岡山大学が高齢者878人の生涯学習効果を実証、加齢によるポジティブな意識変化が明らかに

記事の要約
- 岡山大学が高齢者の生涯学習効果に関する研究結果を公開
- 生涯学習で加齢に伴う獲得意識が向上することを実証
- 身体活動で加齢に伴う喪失意識が低下することを確認
岡山大学の高齢者研究による生涯学習効果の実証
岡山大学の研究グループは、70歳以上の日本人高齢者878人を対象とした12カ月間の縦断調査の研究成果を2024年12月26日に発表した。研究グループは岡山大学OU-SPRING生の白石奈津栄大学院生と岡山大学学術研究院社会文化科学学域の堀内孝教授に加え、大阪大学中川威准教授と兵庫教育大学大学院山本康裕大学院生が参画している。
研究では高齢者の加齢に係る変化意識に対する生涯学習と身体活動の影響を分析し、マルチレベル分析によって生涯学習の実施が加齢によるポジティブな変化意識を高く維持することを明らかにした。また身体活動の多い高齢者は加齢によるネガティブな変化意識が低く維持されることも判明している。
この研究成果は老年学および老年医学分野で最も権威のある学会であるGSA(Gerontological Society of America)の年次大会で発表され、高齢者がより良い生活を送るための重要な示唆を提供している。研究成果は世界的に認められた内容であり、超高齢化社会における生涯学習と身体活動の重要性を科学的に実証した意義は大きいだろう。
研究成果の詳細
項目 | 詳細 |
---|---|
研究対象 | 70歳以上の日本人高齢者878人 |
研究期間 | 12カ月間の縦断調査 |
研究発表 | GSA Annual Scientific Meeting(2024年11月、シアトル) |
研究メンバー | 白石奈津栄(岡山大学)、堀内孝(岡山大学)、中川威(大阪大学)、山本康裕(兵庫教育大学) |
主な発見 | 生涯学習による獲得意識の向上、身体活動による喪失意識の低下 |
加齢に係る変化意識について
加齢に係る変化意識とは、Diehl & Wahl(2010)が提唱した高齢者の加齢に関する意識を測定する指標のことである。主な特徴として、以下のような点が挙げられる。
- 加齢に伴う獲得と喪失の二側面から構成される評価指標
- 獲得意識は主観的幸福感と正の相関を示す
- 喪失意識は抑うつと正の相関、幸福感と負の相関を示す
白石・堀内・Brothers(2024)によって日本語版の尺度が開発され、多くの研究で活用されている。加齢に係る変化意識の測定により、高齢者の主観的な老いの体験をより科学的に評価することが可能となった。
高齢者の生涯学習と身体活動に関する考察
生涯学習と身体活動が高齢者の加齢意識に与える影響を明らかにしたことは、超高齢化社会における健康施策の方向性を示す重要な発見だ。特に生涯学習が獲得意識を高めることは、高齢者の知的活動を促進する新たな動機付けとなり、認知機能の維持向上にも寄与する可能性が高いだろう。

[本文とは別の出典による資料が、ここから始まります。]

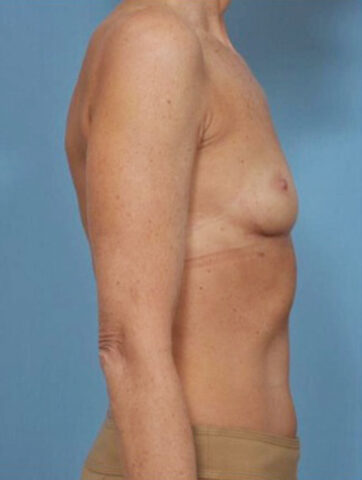 Case # 2 before photo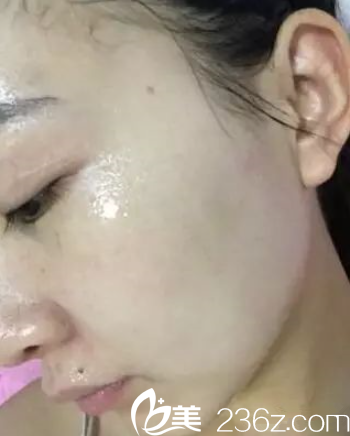 敷補(bǔ)水面膜 敷補(bǔ)水面膜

身体活動による喪失意識の低減効果は、フレイル予防の観点からも注目に値する研究成果である。高齢者の身体活動を促進するためには、個々の身体状況に応じた運動プログラムの開発や、継続的な取り組みを支援する体制の構築が必要となるだろう。
今後は生涯学習と身体活動を組み合わせた総合的なプログラムの開発と効果検証が期待される。研究成果の社会実装に向けては、地域コミュニティや医療機関との連携強化が不可欠であり、より多くの高齢者が参加できる持続可能な仕組みづくりが求められる。